Антонио старался не смотреть на меня.

– Ты сама плакса. Ну-ка, не хнычь! – Он вытер мои слезы. – Будь хорошей девочкой и расти побыстрее. Пока что ты мало чего понимаешь.

Он еще раз обнял Нунчу и, оставив меня, хлопнул дверью. Нунча шумно вздохнула и, словно в замешательстве проведя рукой по лбу, принялась хлопотать над Винченцо. Розарио был послан за старой Кончеттой…

Ночь миновала во вздохах, сдерживаемых слезами и аханьях. Нас не пускали на кухню. Мы сидели молча во мраке комнаты и слышали доносящиеся из-за двери звон посуды и шорох ног. Нунча была бледна и медленнее двигалась. Мы ожидали от нее слез и причитаний, а она поразила нас твердостью и сдержанностью. И в этом ее скорбном спокойствии мы черпали уверенность, оно не давало нам ясно представить ту бездну, что неожиданно разверзлась перед нашей семьей, оставшейся вдруг без заработков и защитников.

Уже утром мы услышали стук тяжелых сапог на крыльце. Это были жандармы во главе с капралом.

– Где проживает Антонио Риджи? Отвечай, старуха!
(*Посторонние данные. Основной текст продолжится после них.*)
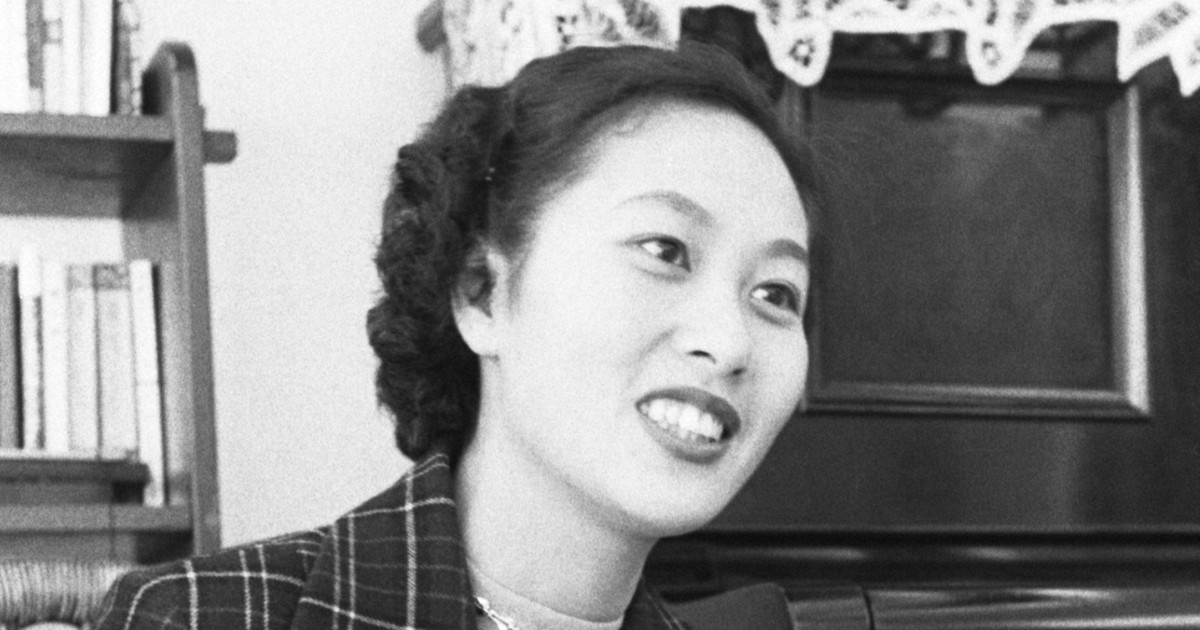 作家の曽野綾子さん死去 93歳 [写真特集14/15] | 毎日新聞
Нунча безучастно спросила, зачем это ее внук понадобился уважаемым синьорам.

– Антеноре Сантони найден с перерезанным горлом у дома своего отца, – сказал капрал. – У нас есть подозрение, что это сделал твой внук.

Мы молчали, затаив дыхание.

Несколько дней жандармы обшаривали окрестности. Говорили, что проверяют даже ливорнские суда, – у папаши Сантони хватило денег и на это. 1 ноября 1777 года, в день всех святых, прошел слух о том, что Антонио пойман, но это оказалось выдумкой. Мы жадно вслушивались во все сообщения о нем, так как сами никаких вестей не получали. Чуть позже стали говорить, что Антонио присоединился к банде Энрико Фесты, обосновавшейся высоко в горах. Брата искали еще два месяца, и все напрасно.

Антонио исчез, как в воду канул.

4

Наступила зима, а с ней и Рождество 1778 года. Как обычно, крестьяне тщательно готовились к празднику. Особенно много радости он приносил детям. Помимо полной свободы, которой они пользовались в эти дни, веселых зимних игр и сладких пирогов, приблизилось интереснейшее событие, происходящее в канун Рождества. В это время мадонна посылает на землю сказочную старушку Бефану. Ее приносят звезды. Сверкая, как комета, Бефана влетает в печные трубы или подъезжает к домам на волшебном ослике. Если с вечера подвесить к очагу детский чулок, утром там непременно окажется подарок от доброй Бефаны…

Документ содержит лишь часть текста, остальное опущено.